Pictures do not belong in the copy. Write out exactly the lines from the one containing "Premium Room, 1 Queen Bed | Free WiFi" through the end of the data.

━━━ Supplied material ━━━

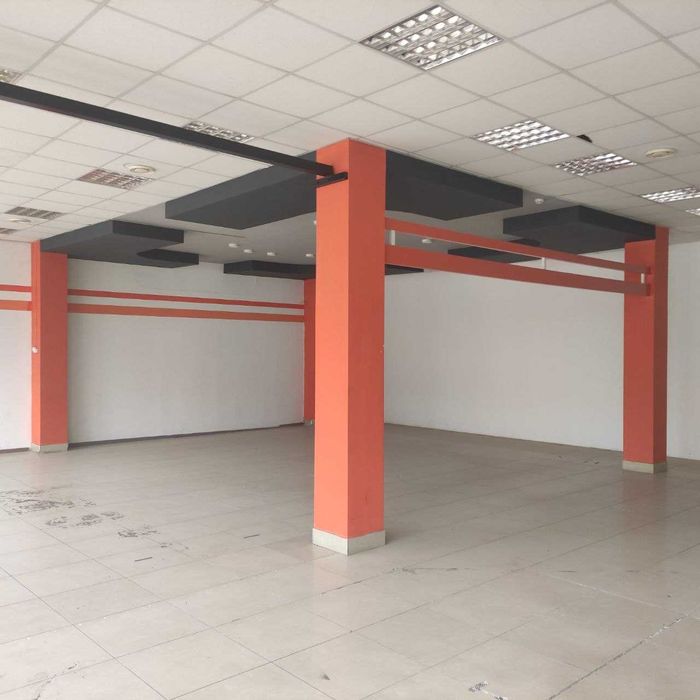 Здається в оренду комерційне приміщення 240 м² в центрі міста!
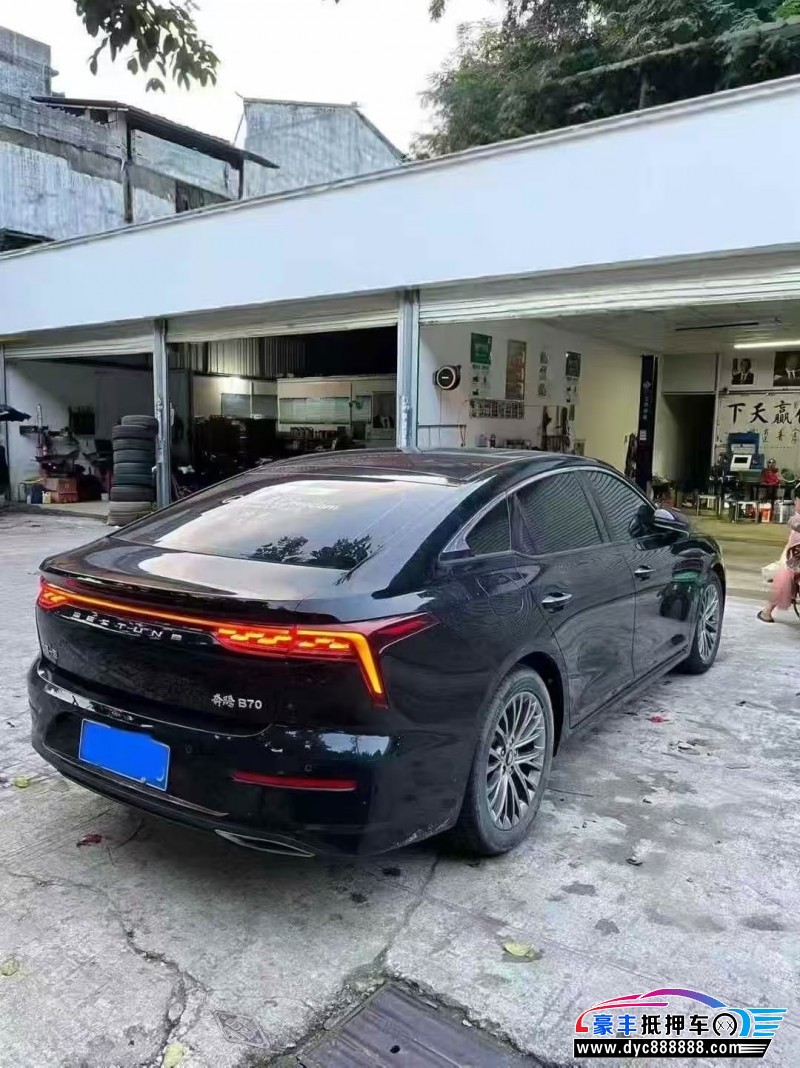 23年奔腾B70轿车抵押车出售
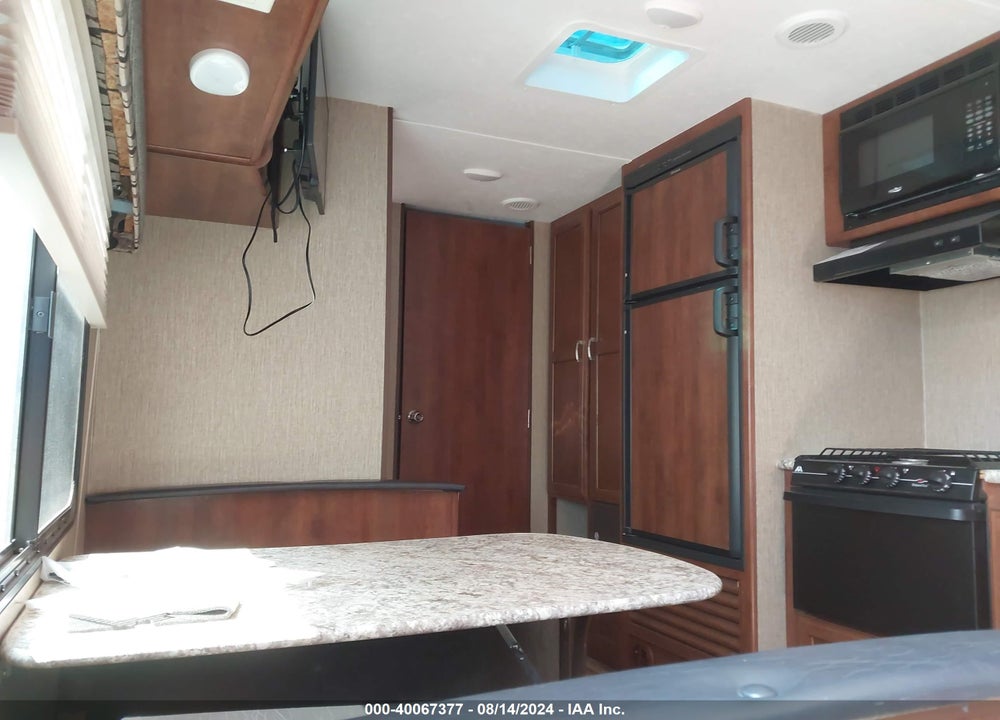 2016 KEYSTONE PASSPORT EXPRESS SER VIN: 4YDT23829GX415993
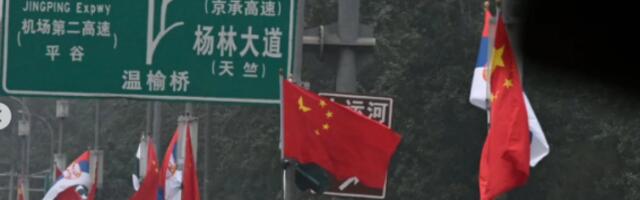 Peking u srpskim bojama! Zastave Srbije i Kine svuda po ulicama zbog Vučićeve posete (FOTO)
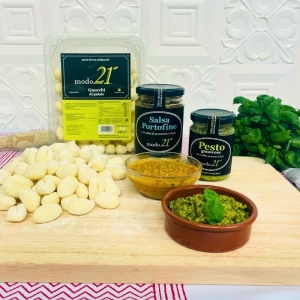 Kartoffel-Gnocchi, Portofino-Sauce und Pesto (x4 Portionen)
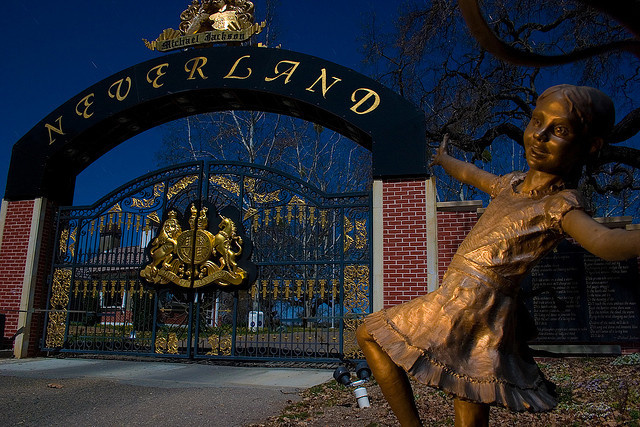 Acusado y declarado inocente por el rancho "Neverland"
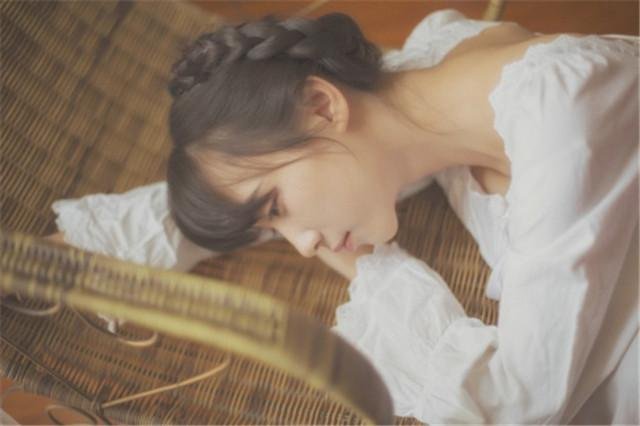 八字唯美短句：以简驭繁，句短情长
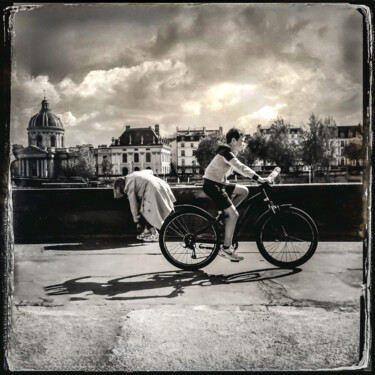 Photographie intitulée "Sur les quais" par Jacqueline Giudicelli, Œuvre d'art originale, Photographie numérique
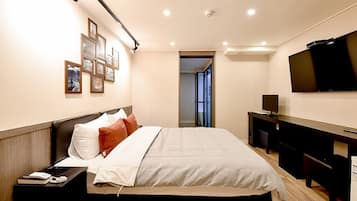 Premium Room, 1 Queen Bed | Free WiFi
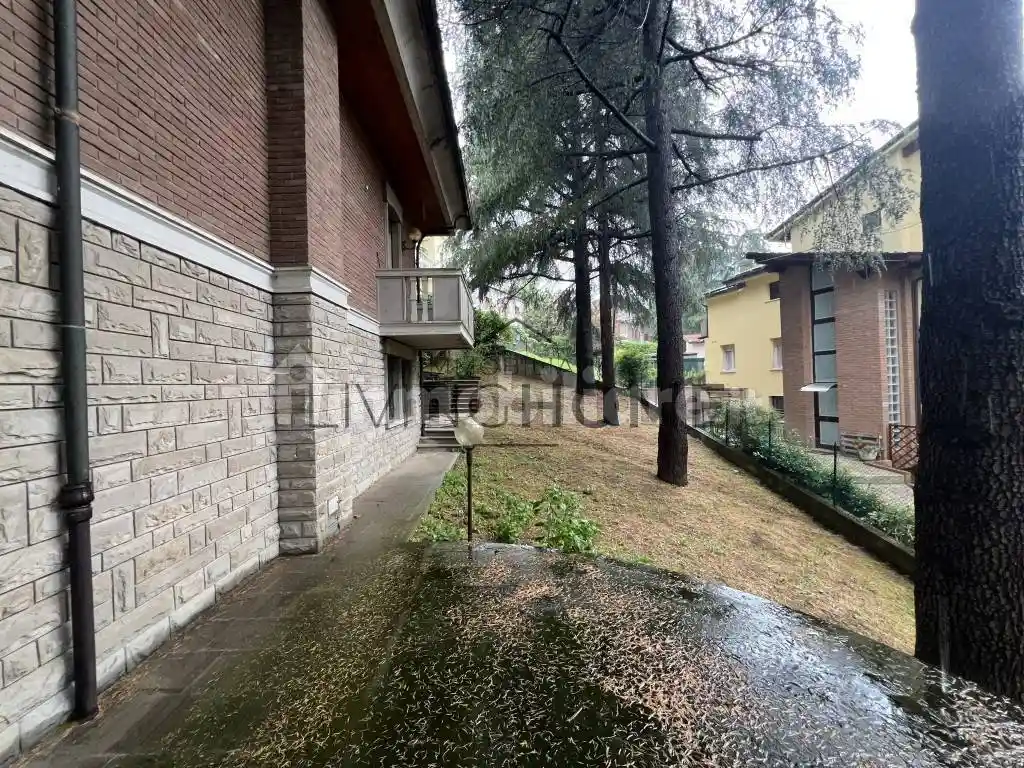 Terratetto unifamiliare 285 m², da ristrutturare, Monte - Osservanza, Cesena - foto 3
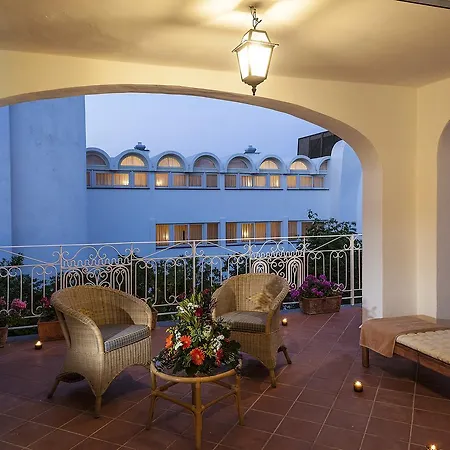 Punta Molino Beach Resort & Thermal Spa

━━━

◆ **Answer for this exercise**
 Premium Room, 1 Queen Bed | Free WiFi
 Terratetto unifamiliare 285 m², da ristrutturare, Monte - Osservanza, Cesena - foto 3
 Punta Molino Beach Resort & Thermal Spa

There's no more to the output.